_YOUR OBJECTIVE_
Take the line with "Décorations de Noël" and every line after it in the entries below, and set them down exactly, without any pictures.

=== MATERIAL FOR THE TASK ===

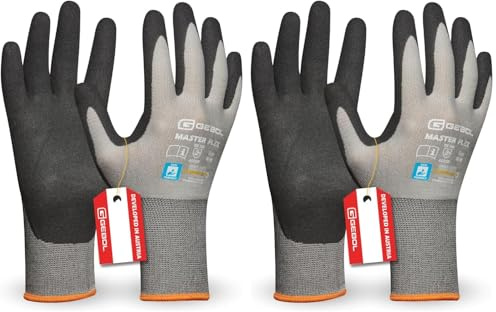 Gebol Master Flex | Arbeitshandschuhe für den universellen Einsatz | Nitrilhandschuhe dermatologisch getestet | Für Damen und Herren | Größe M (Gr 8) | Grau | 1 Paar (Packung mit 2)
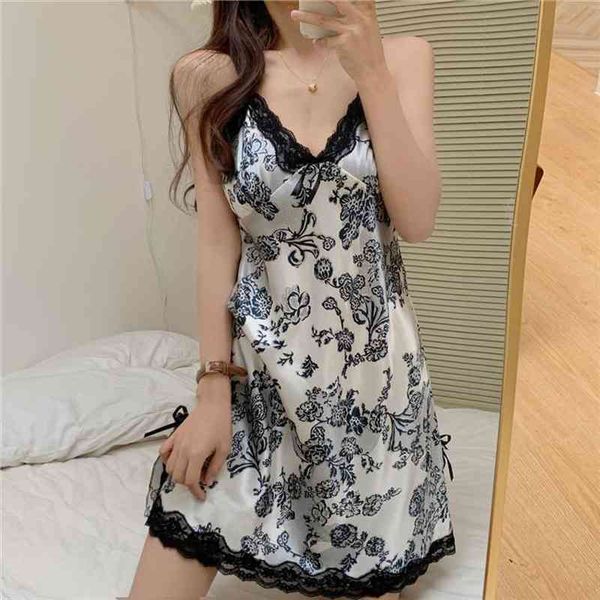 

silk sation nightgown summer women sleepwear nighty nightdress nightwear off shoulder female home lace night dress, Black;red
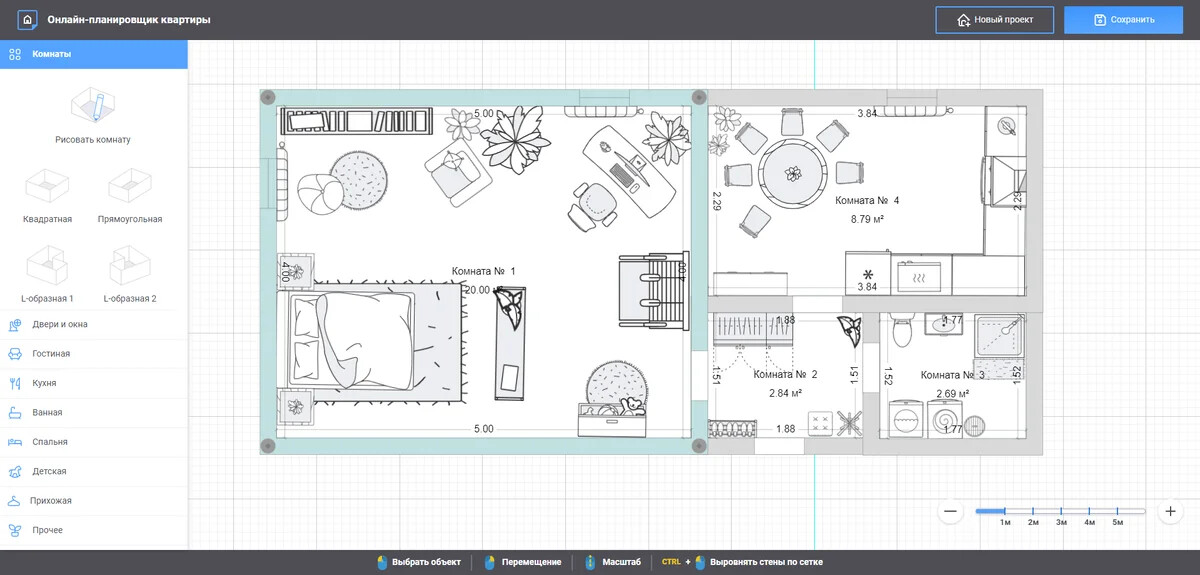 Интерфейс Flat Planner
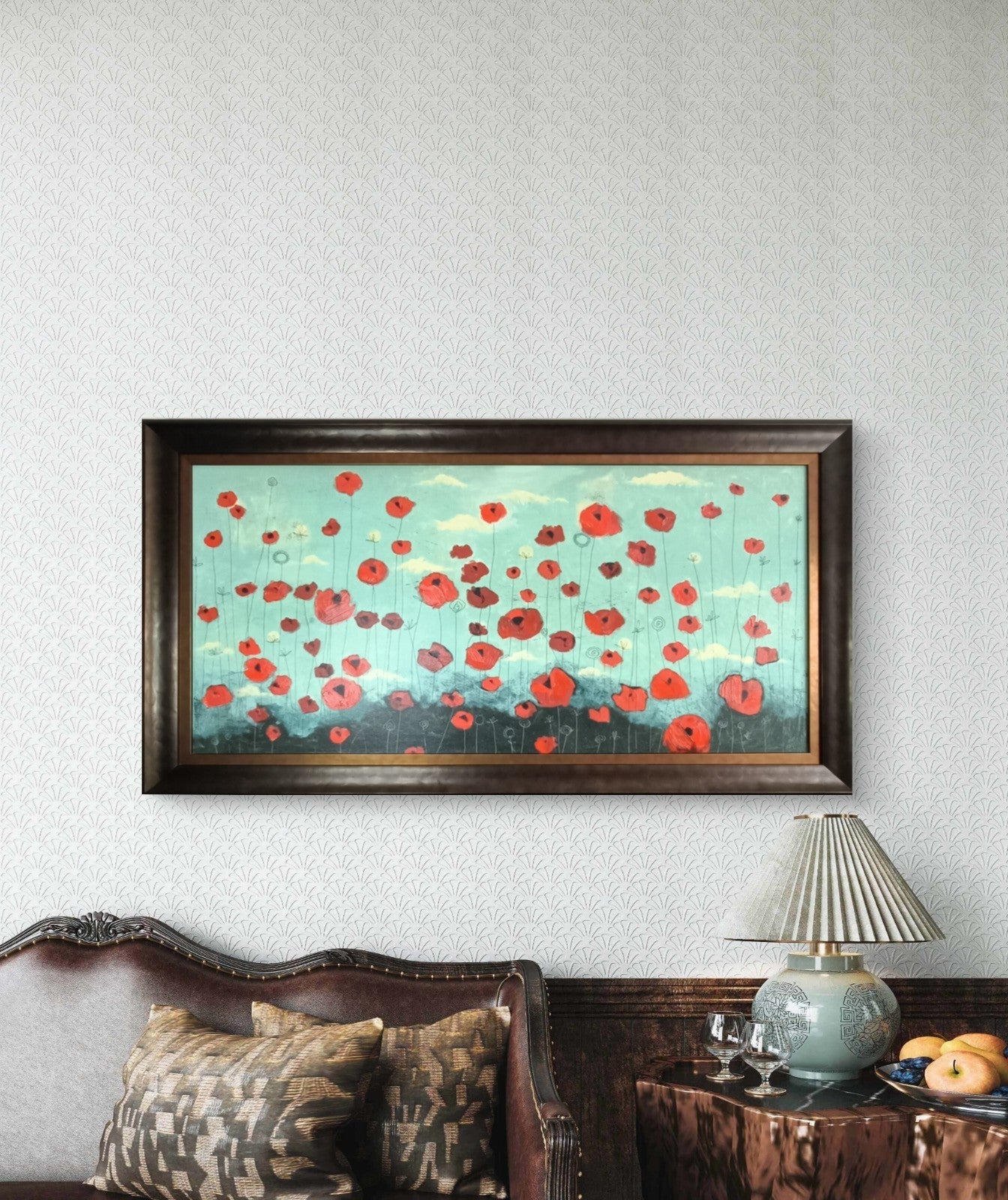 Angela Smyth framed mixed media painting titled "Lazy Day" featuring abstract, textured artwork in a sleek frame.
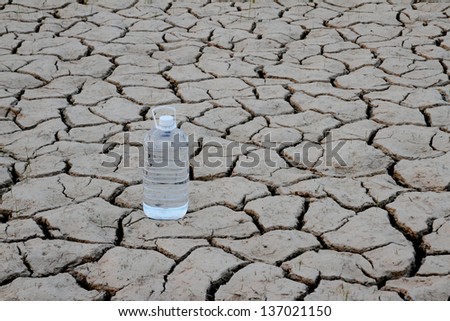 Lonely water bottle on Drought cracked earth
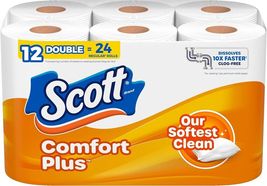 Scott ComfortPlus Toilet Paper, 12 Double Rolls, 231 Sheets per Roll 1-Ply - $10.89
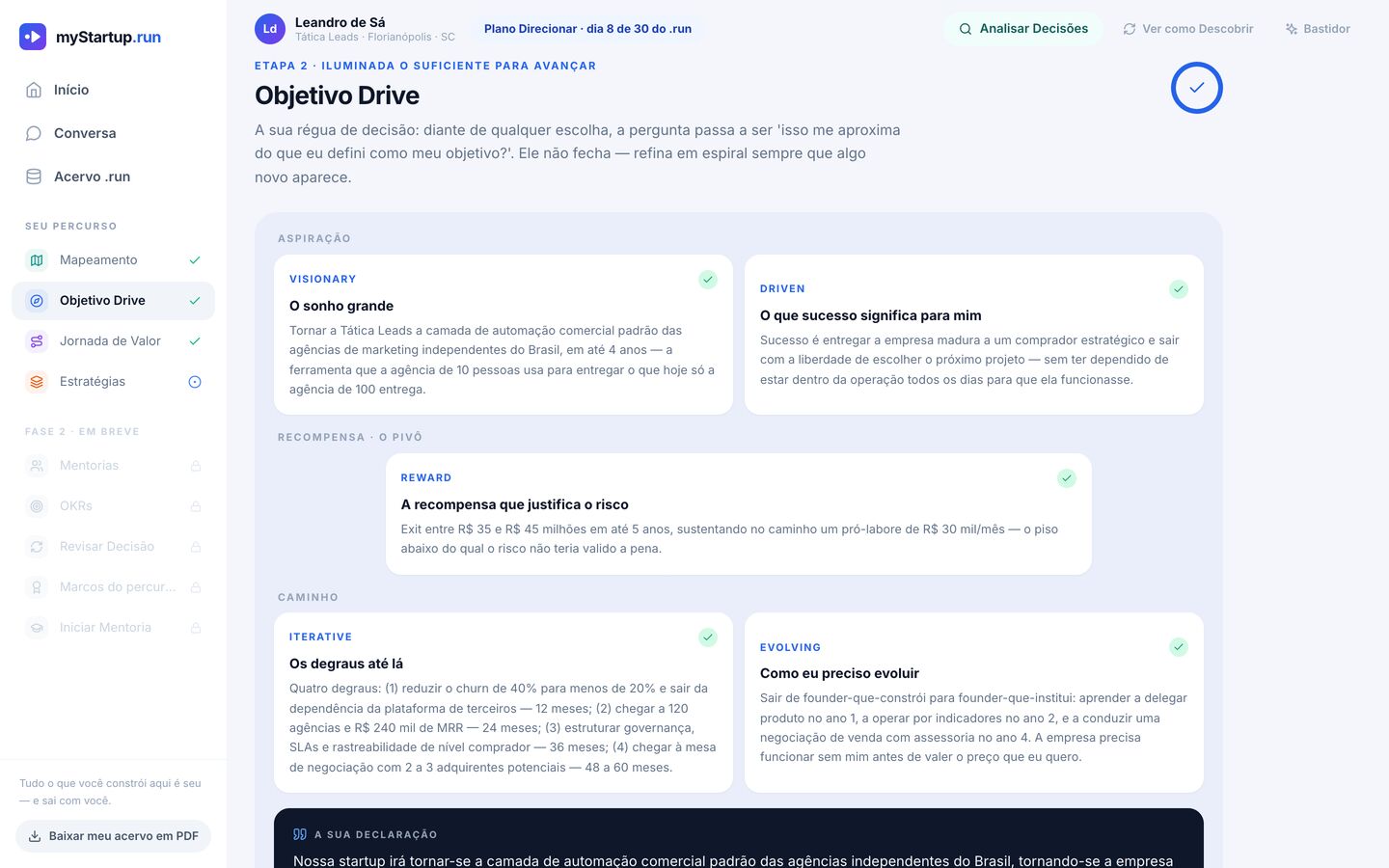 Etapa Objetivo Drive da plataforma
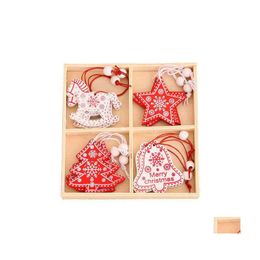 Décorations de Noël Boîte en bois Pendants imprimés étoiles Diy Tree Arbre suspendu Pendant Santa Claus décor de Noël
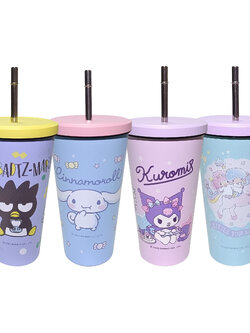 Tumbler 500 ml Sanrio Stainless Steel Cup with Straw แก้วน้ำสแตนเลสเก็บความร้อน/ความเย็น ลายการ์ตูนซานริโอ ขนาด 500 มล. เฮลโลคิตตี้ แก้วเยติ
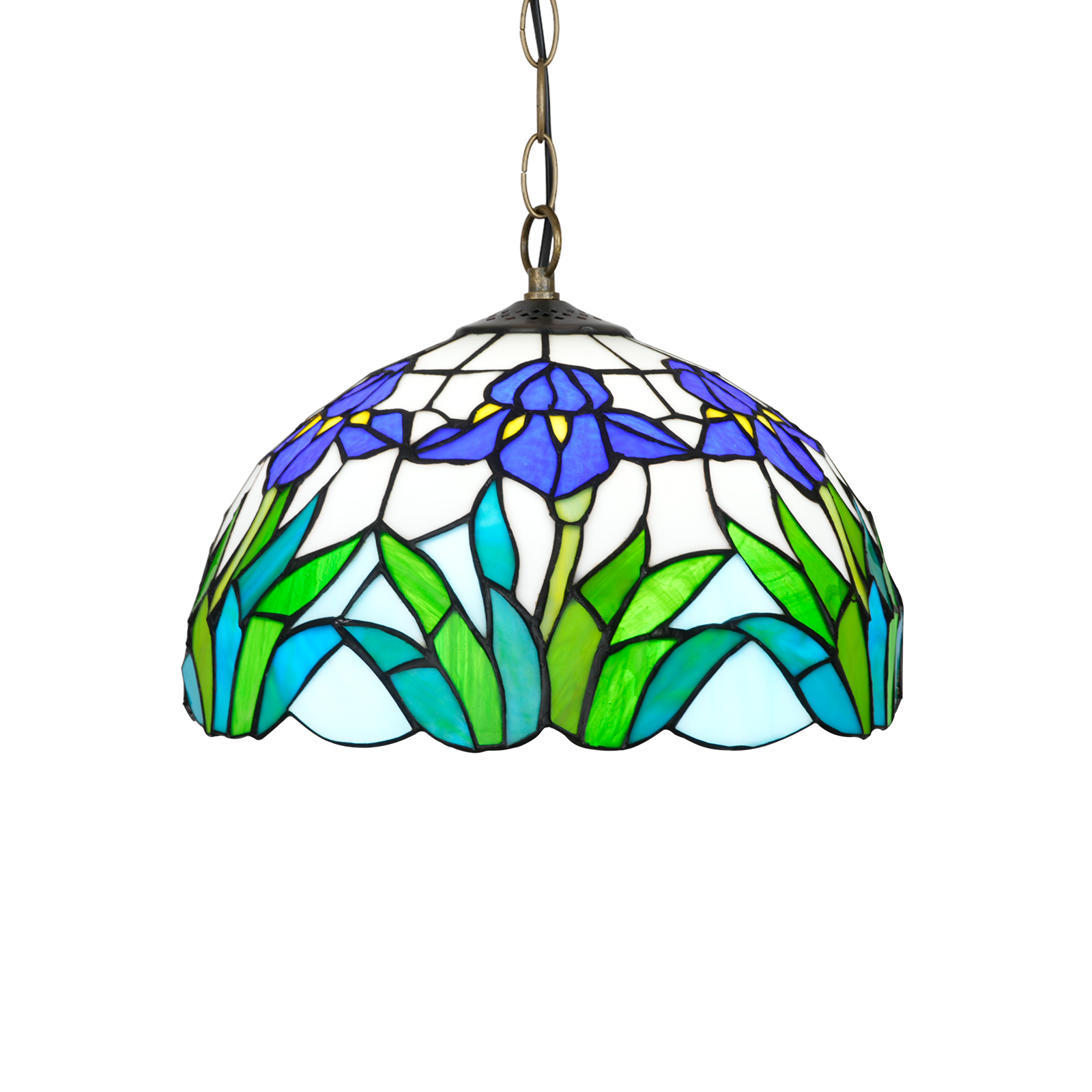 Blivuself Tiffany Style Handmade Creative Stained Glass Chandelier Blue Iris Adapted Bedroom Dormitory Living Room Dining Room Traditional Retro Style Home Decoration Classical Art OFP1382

===

_YOUR RESPONSE_
 Décorations de Noël Boîte en bois Pendants imprimés étoiles Diy Tree Arbre suspendu Pendant Santa Claus décor de Noël
 Tumbler 500 ml Sanrio Stainless Steel Cup with Straw แก้วน้ำสแตนเลสเก็บความร้อน/ความเย็น ลายการ์ตูนซานริโอ ขนาด 500 มล. เฮลโลคิตตี้ แก้วเยติ
 Blivuself Tiffany Style Handmade Creative Stained Glass Chandelier Blue Iris Adapted Bedroom Dormitory Living Room Dining Room Traditional Retro Style Home Decoration Classical Art OFP1382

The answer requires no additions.